JAKARTA, SAWIT INDONESIA Petani sawit mengeluhkan tingginya harga pupuk non subsidi yang beredar di pasaran selama dua belas bulan terakhir. Tingginya harganya pupuk ini membuat petani kelimpungan untuk mengelola biaya input produksi. Komponen pupuk mencapai 60% dari total biaya produksi sawit.
Dr. Gulat ME Manurung, MP.,C.APO, Ketua Umum DPP APKASINDO, menjelaskan tingginya harga pupuk akan mengganggu program strategis Pemerintahan Jokowi- Ma’ruf Amin yaitu PSR (Peremajaan Sawit Rakyat).
“Petani yang sudah menjalankan program PSR seperti terjebak karena sudah terlanjur tumbang dan tanam.

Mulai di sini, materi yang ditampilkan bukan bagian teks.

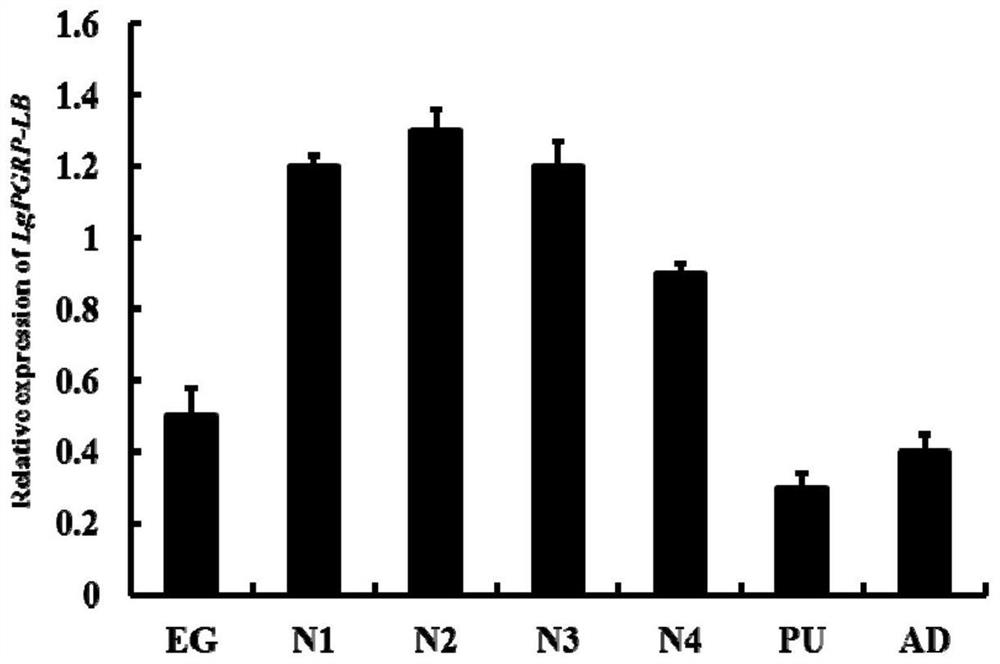 Soybean borer lgpgrp-lb gene and its application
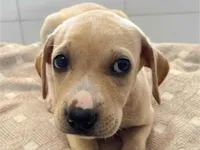 Cachorro raça SRD-ViraLata idade 2 a 6 meses nome Cachorrinhas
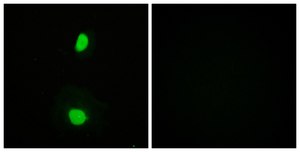 Anti-TIP60 antibody produced in rabbit affinity isolated antibody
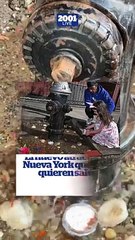 Un charco de peces se ha vuelto viral en Nueva York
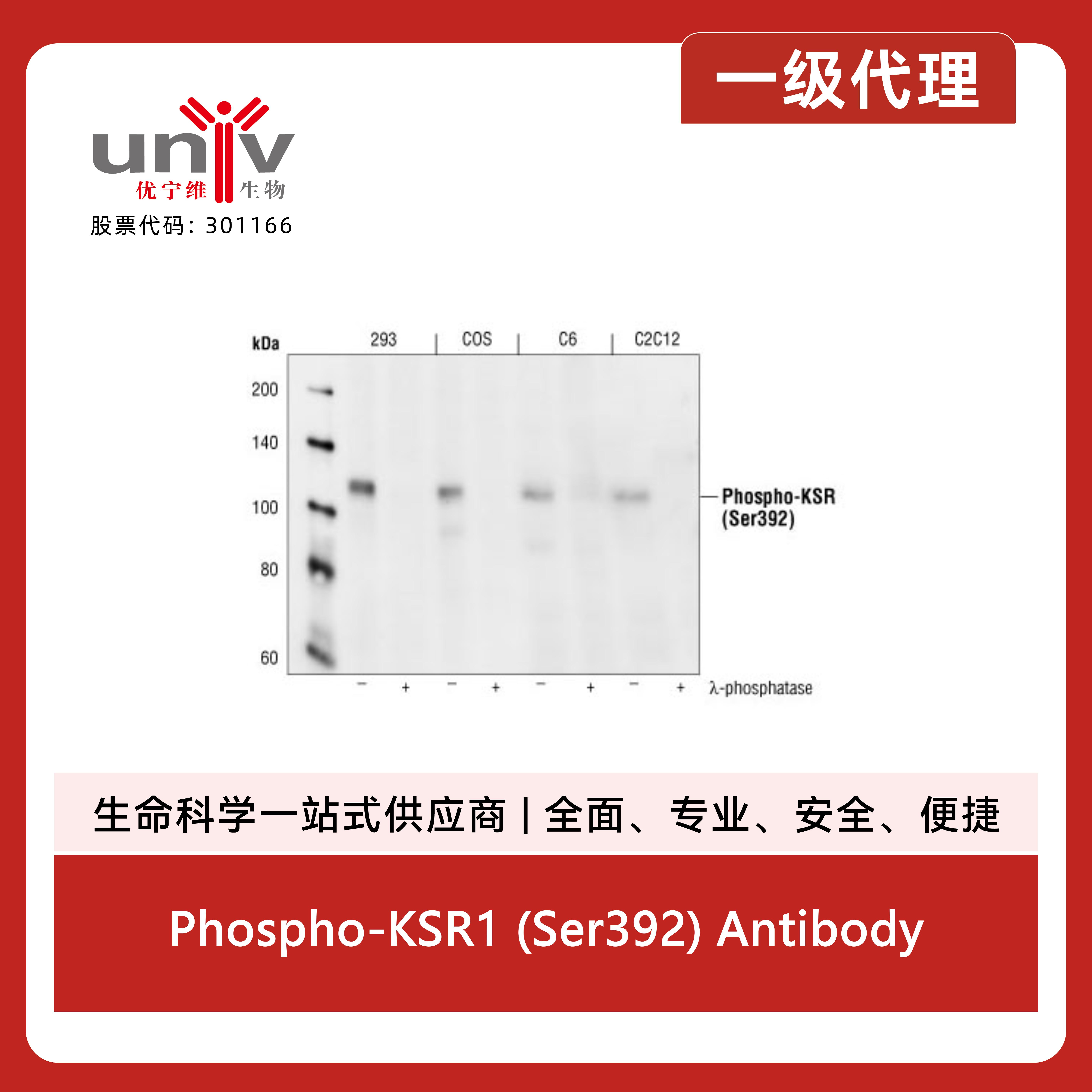 Phospho-KSR1 (Ser392) Antibody产品图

Semua terukur melalui rancangan anggaran biaya dari P0 sampai P3 (Red-penanaman, perawatan tahun pertama sampai tahun ke 3), ” jelas Doktor Ilmu Lingkungan Universitas Riau melalui sambungan telepon dari Baganbatu, Riau.
Dikatakan Gulat, RAB ini telahmenguraikan harga per item pekerjaan yang disusun 1-2 tahun lalu. Sekarang ini, petani diibaratkan sedang pusing melihat kenaikan harga pupuk dan herbisida ini.

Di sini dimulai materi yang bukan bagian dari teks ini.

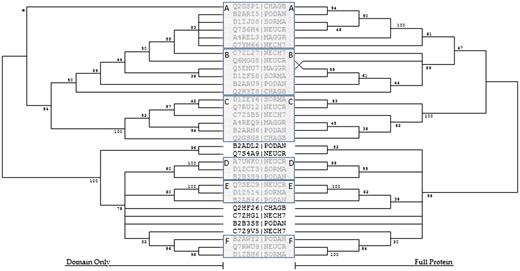 NJ analyses of F4 proteins from Sordariomycetes organisms. The NJ trees were inferred from the bHLH domain only and from the entire bHLH-containing protein sequence. The trees are displayed with corresponding bootstrap values where branches with a bootstrap of less than 30 have been collapsed. Six strongly supported F4 subclades have been noted, where subclades A–C contain one member from each Sordariomycetes organism and Groups D–F each have one member from Podospora anserina, Sodaria macrospora, and Neurospora crassa. * The Q2GSP1 bHLH domain has been determined to be highly divergent by 1) containing seven mismatches to the fungal consensus motif, 2) possessing an uncharacteristic amino acid at site 12 for an F4 protein (D), and 3) containing a simple sequence repeat through both the basic and Helix 2 regions (DDDDDD). The full Q2GSP1 sequence, however, is strongly supported in the A subclade, suggesting the highly divergent bHLH arose from either evolutionary pressure or sequencing errors.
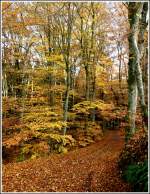 Herbstlicher Wald aufgenommen an der Strae von Wiltz nach Kautenbach. 04.11.2011 (Hans)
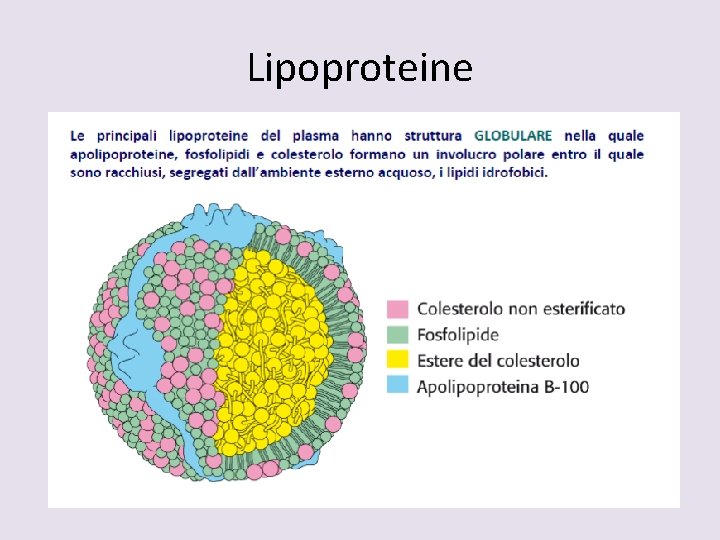 Lipoproteine 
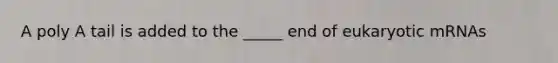 A poly A tail is added to the _____ end of eukaryotic mRNAs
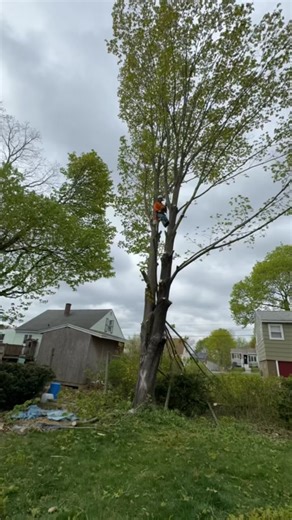 #treeremoval #viral #fyp #ma 🌲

“Saudara-saudara kami yang akan mengajukan PSR banyak yang mundur. Masalahnya bukan saja persoalan kawasan hutan. Tapi juga masalah baru, yaitu harga pupuk dan herbisida yang melonjak tajam mengakibatkan biaya bantuan Rp30 juta per hektar dari BPDPKS (badan pengelola dana perkebunan kelapa sawit) bisa habis hanya untuk beli pupuk dan herbisida saja,” jelas Gulat.
Dalam hitungan Gulat, belanja pupuk dan herbisida dengan harga saat ini mencapai Rp28, 5 juta per hektar (PSR), dimana sebelumnya hanya Rp11,2 juta saja. Jika di rinci per item kegiatan PSR, kenaikan biaya PSR dari RAB sebelumnya dengan kondisi sekarang di P0 untuk belanja pupuk dan herbisida 53%, P1 82%, P2 86% dan P3 92%.
“Namun kenaikan ini cukup berat bagi petani menutupi kekurangannya. Jika dihitung biaya PSR dari P0 sampai P3 sebelumnya kisaran Rp52juta-Rp62 juta per hektar (tergantung zonasi). Saat ini bisa mencapai Rp82 juta-Rp91 juta per hektar, ini sudah tidak sehat lagi,” tambahnya.
Menurut Gulat, jika dosis pupuk per tanaman dikurangi yang disesuaikan dengan anggaran. Imbasnya, akan terjadi dua kemungkinan, pertama tanaman akan merana dan kedua kami akan jadi sasaran saat audit oleh BPK atau saat monev dan semua ini akan berujung ke APH (aparat penegak hukum).
“Program PSR ini sangat strategis mendongkrak produktivitas kebun rakyat dengan konsep intensifikasi dan ini seirama dengan cita-cita Presiden menjadikan petani menjadi penyumbang CPO yang setara dengan korporasi untuk devisa negara, namun saya pastikan PSR akan kacau berantakan jika kenaikan harga pupuk dan herbisida ini tidak dikendalikan segera, ” urainya.
Gulat mengakui petani di sentra sawit bertanya-tanya tingginya harga pupuk sudah 12 bulan terakhir sepertinya dianggap angin lalu saja oleh para kementerian terkait. Kenaikan terjadi merata baik pupuk produksi BUMN dan swasta.